▸ BRIEF: From the line that holds "Private Open-Air Jeep" down to the last line of the listing below, reproduce each line exactly and nothing more, omitting pictures.

#### DATA EXTRACTS ####

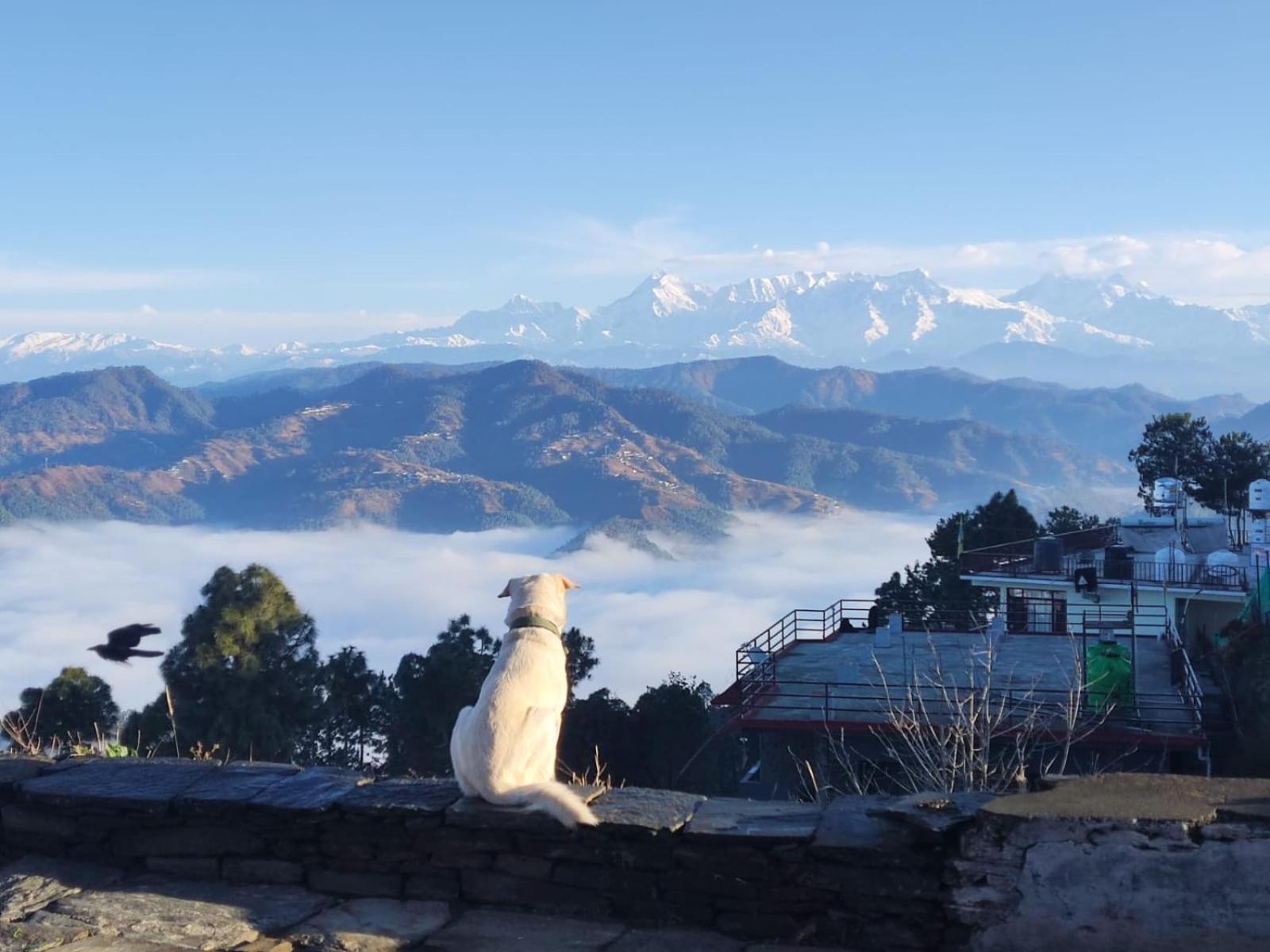 The Heavens Apartment Almora Exterior foto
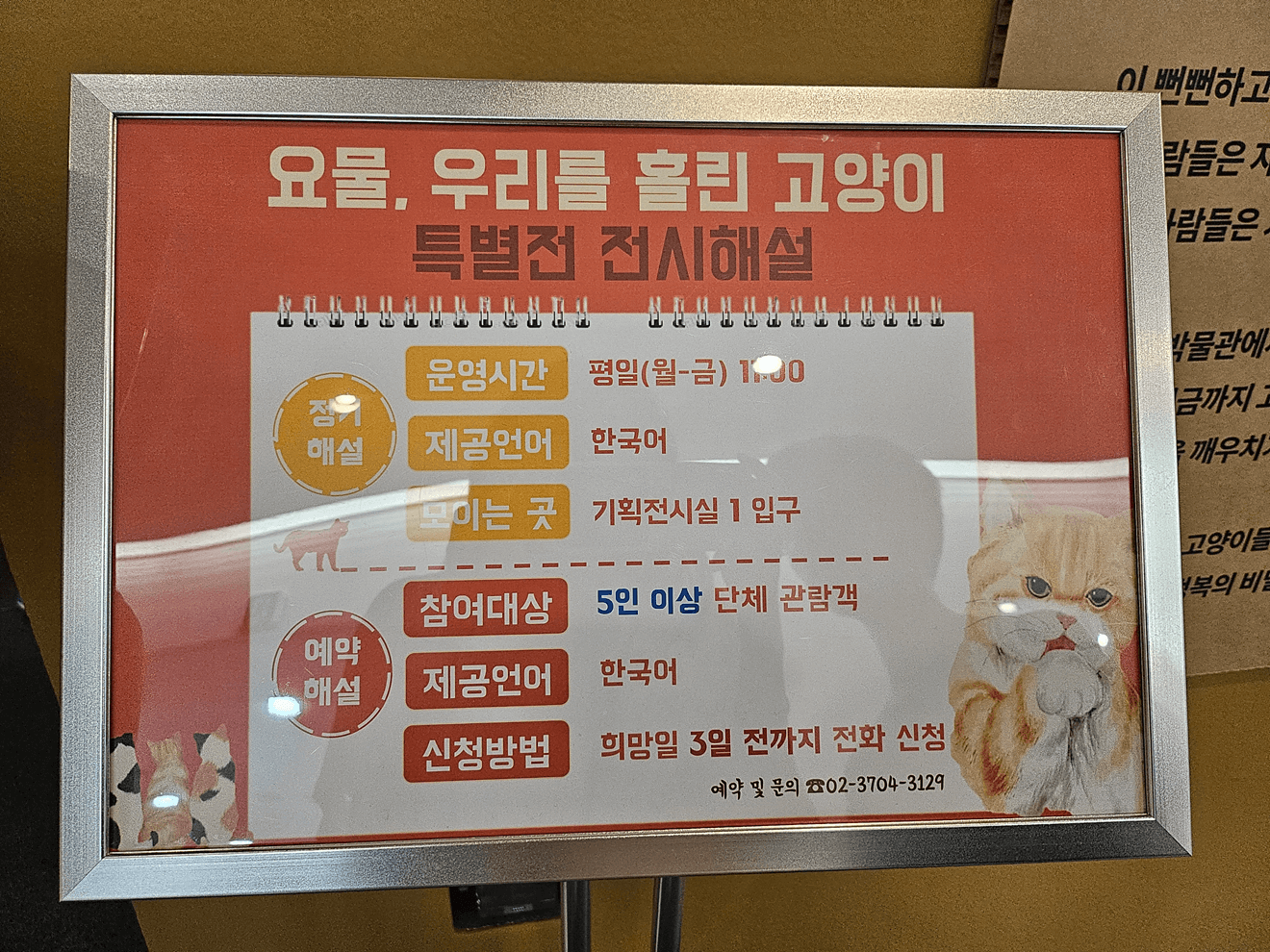 국립민속박물관, 고양이전시, 광화문전시, 종로전시, 추천전시, 어린이전시추천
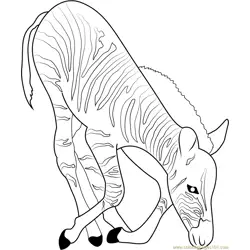 Zebra Eating Grass Free Coloring Page for Kids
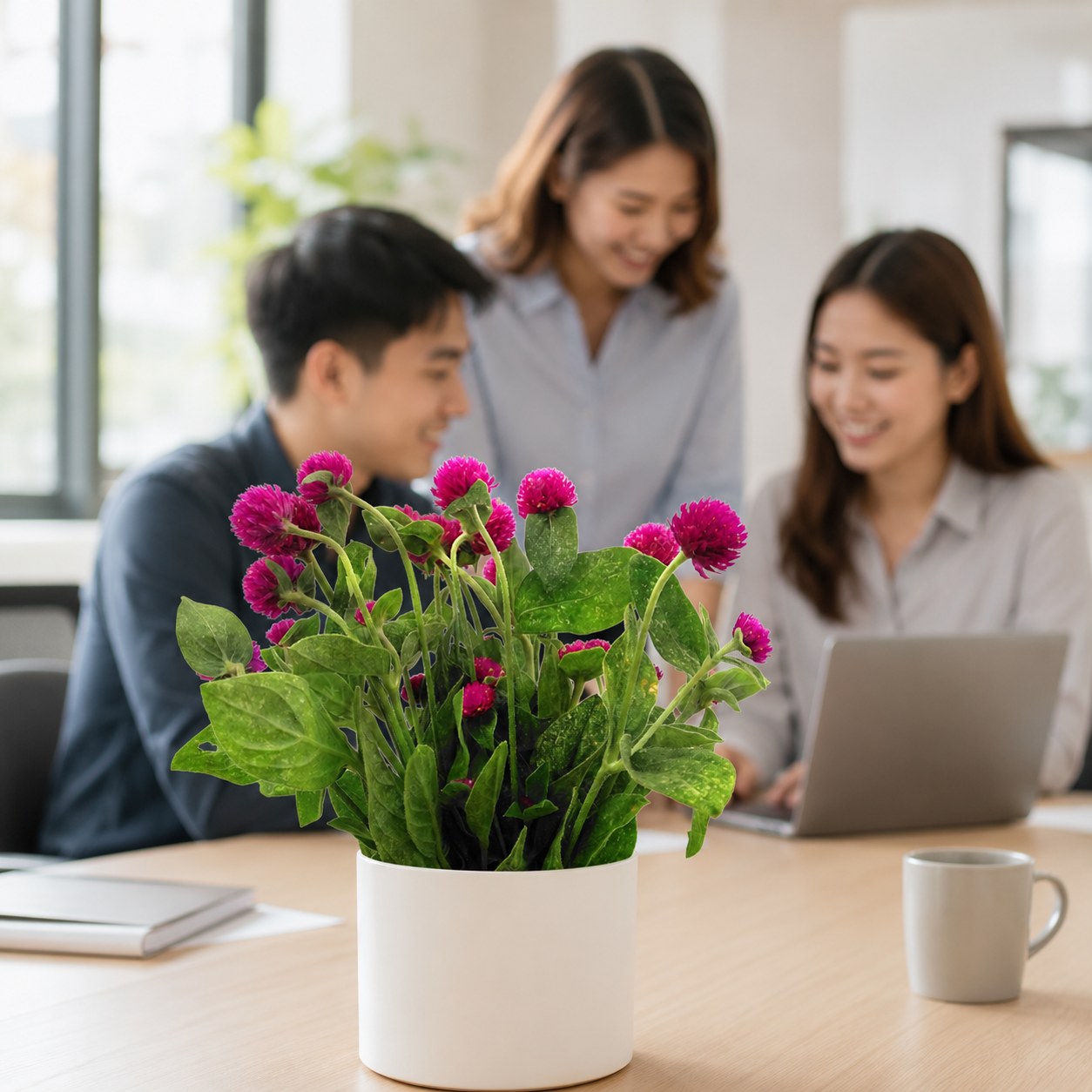 Gomphrena Globosa | Office Plant
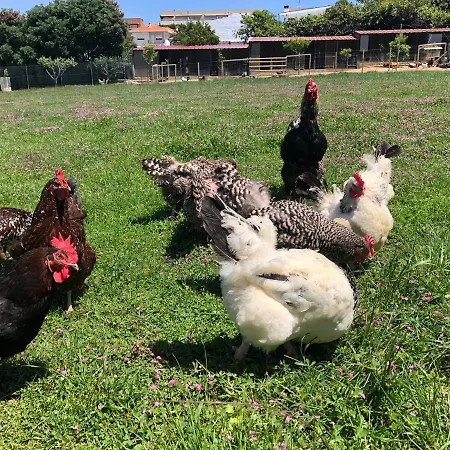 Casa Dos Meus Avos - Al & Events *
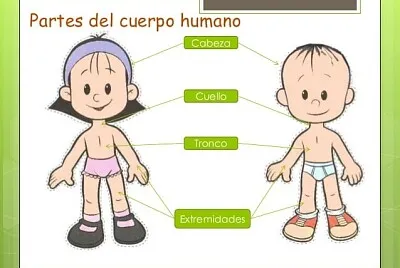 פאזל של Partes del Cuerpo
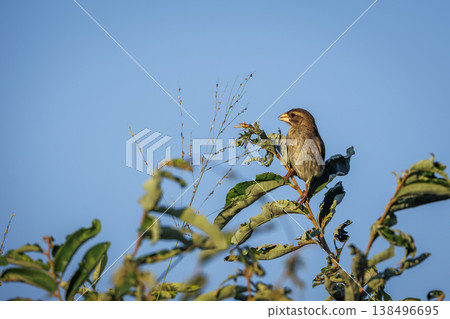 Red-billed Quelea in Greater Kruger National park, South Africa Red-billed Quelea in Greater Kruger National park, South Africa 138496695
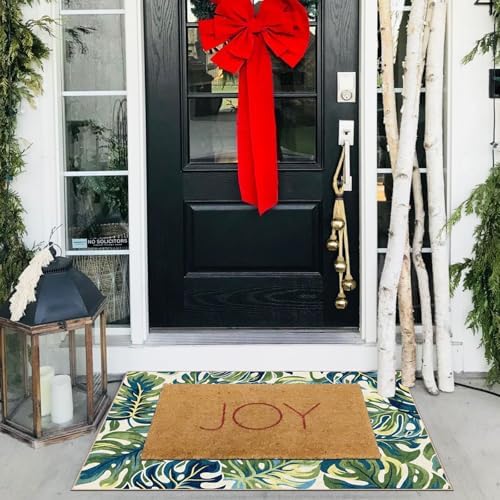 Front Door Mat Outside Entrance - 2x3 Tropical Leaf Entryway Rug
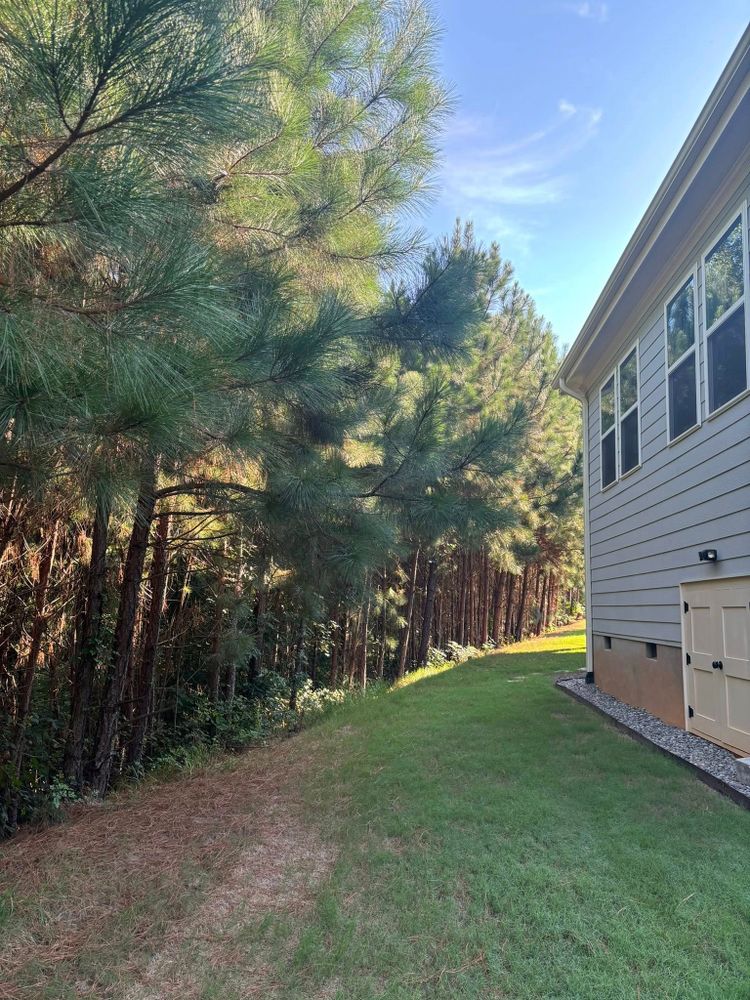 Tree Services for Total Tree Care in Erwin, North Carolina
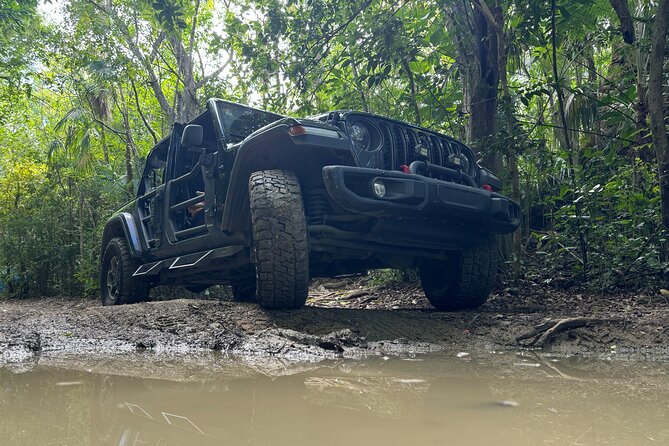 Private Open-Air Jeep Adventure with Tropic Sun –Hidden Beaches - Drake’s Seat is brief but worth the camera stop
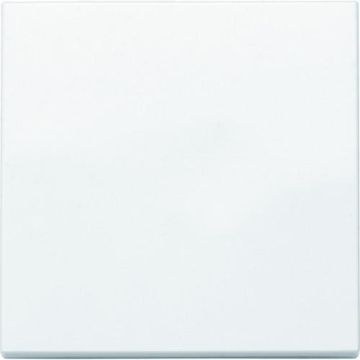 HHG 92522001 Rocker for off-changeover cross switch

####

▸ FINISHED EXERCISE:
 Private Open-Air Jeep Adventure with Tropic Sun –Hidden Beaches - Drake’s Seat is brief but worth the camera stop
 HHG 92522001 Rocker for off-changeover cross switch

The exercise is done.